Como si fuera una de las mujeres retratadas por Hopper, la protagonista de Una familia en Bruselas aprende a vivir en esa casa que se ha quedado vacía tras el fallecimiento de su marido. Sus hijas viven fuera: una está casada y tiene hijos, mientras que la otra está soltera. La voz de esta última, reflejo distorsionado de la propia Akerman, interviene en el monólogo de su madre hasta el punto de que las voces se confunden, quién habla, quién dice qué, a quién pertenece el relato.
Plantea así Akerman un juego similar al que ya había llevado a cabo en dos películas que, rodadas con una distancia de tres décadas, son perfectamente complementarias: en Les rendez-vous d’Anna (1978), Aurore, una cineasta, decide volver a casa de su madre tras una separación, mientras que en Demain on déménage (2004), Aurore se ha convertido en madre y busca un apartamento en el que vivir con su hija. Las experiencias se repiten y, sobre todo se confunden en las tres obras, especialmente en Una familia en Bruselas, donde, desde su ausencia, la hija mayor rellena los vacíos que su madre deja en ese relato de memoria selectivo, quizás no siempre preciso, donde los momentos felices se confunden con los más dolorosos, como si ambos sentimientos no pudieran existir el uno sin el otro.
«Mi hija cuenta montones de anécdotas y no todas son verdaderas”, confiesa la madre en las últimas páginas de su monólogo. Y es que de la misma manera que la felicidad y la tristeza se superponen también se entremezclan lo real con lo inventado, tal y como sucede en casi toda la obra fílmica de Akerman, donde los límites entre lo documental y lo ficcional se desdibujan, pero ¿acaso no toda recreación, la primera de todas la que lleva a cabo la memoria, no es una forma de invención?
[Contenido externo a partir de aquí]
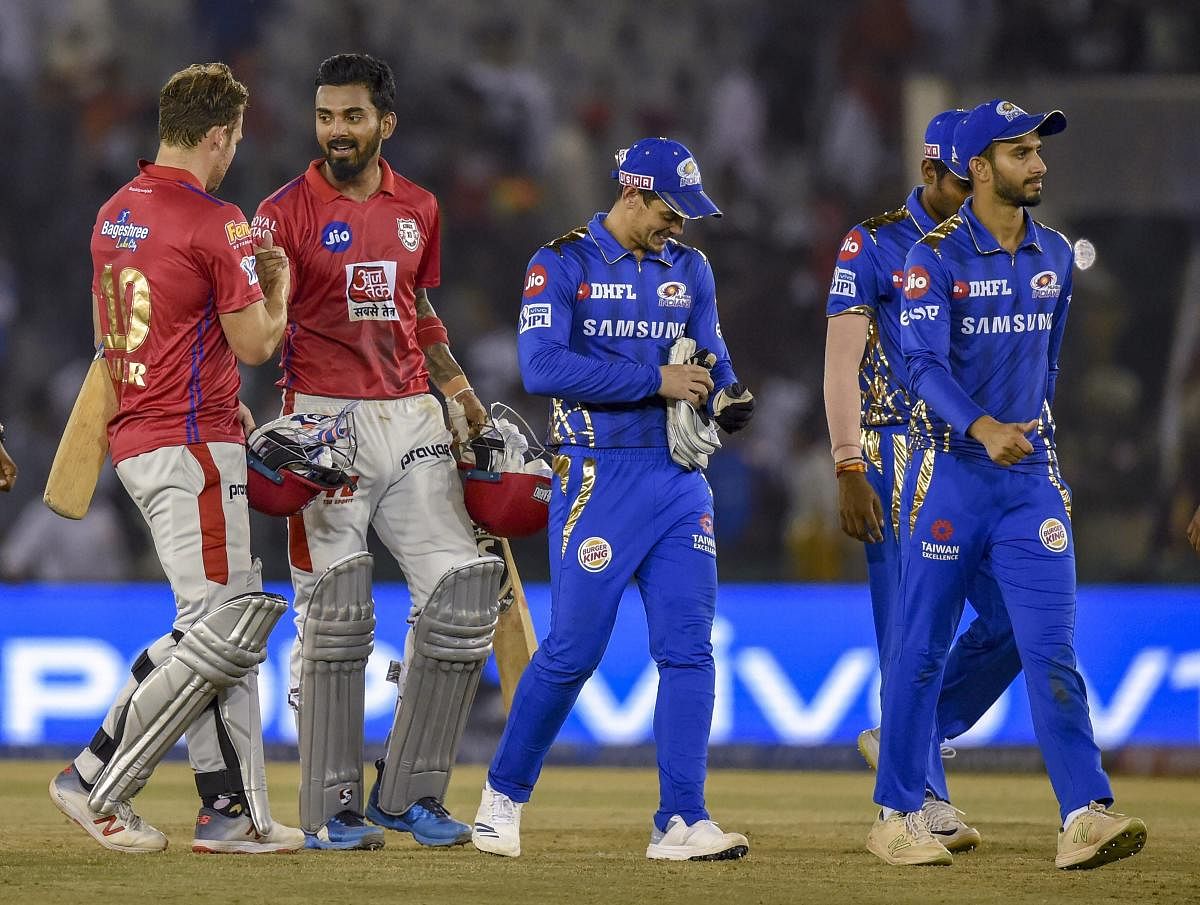 Kings XI Punjab KXIP player KL Rahul celebrates with his teammate after winning the Indian Premier League 2019 (IPL T20) cricket match against Mumbai Indians (MI) at IS Bindra Cricket Stadium in Mohali, Saturday. PTI photo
En su habituarse a ese nuevo espacio vacío en el que se ha convertido su casa, la madre repite sus rituales de siempre y, así, aunque su marido ya no está, se encierra en el baño para fumar. Ya no tiene que esconderse para encender un cigarrillo y, sin embargo, sigue haciéndolo. Los rituales se repiten y las estancias siguen siendo habitadas de la misma manera que antes, como si apenas nada hubiera cambiado. Como las protagonistas de sus películas, la madre de Akerman en Una familia en Bruselas parece atrapada en esas estancias y en sus rituales, al mismo tiempo que es ahí donde encuentra su refugio. Y en esta repetición el tiempo se detiene, el pasado y el presente se superponen -el futuro no existe- en un instante detenido en el que se condensa la experiencia no solo de una mujer ni tampoco de una única familia, sino de toda una generación, marcada por la constante erosión de una cotidianidad, tan insoportable como imposible de romper.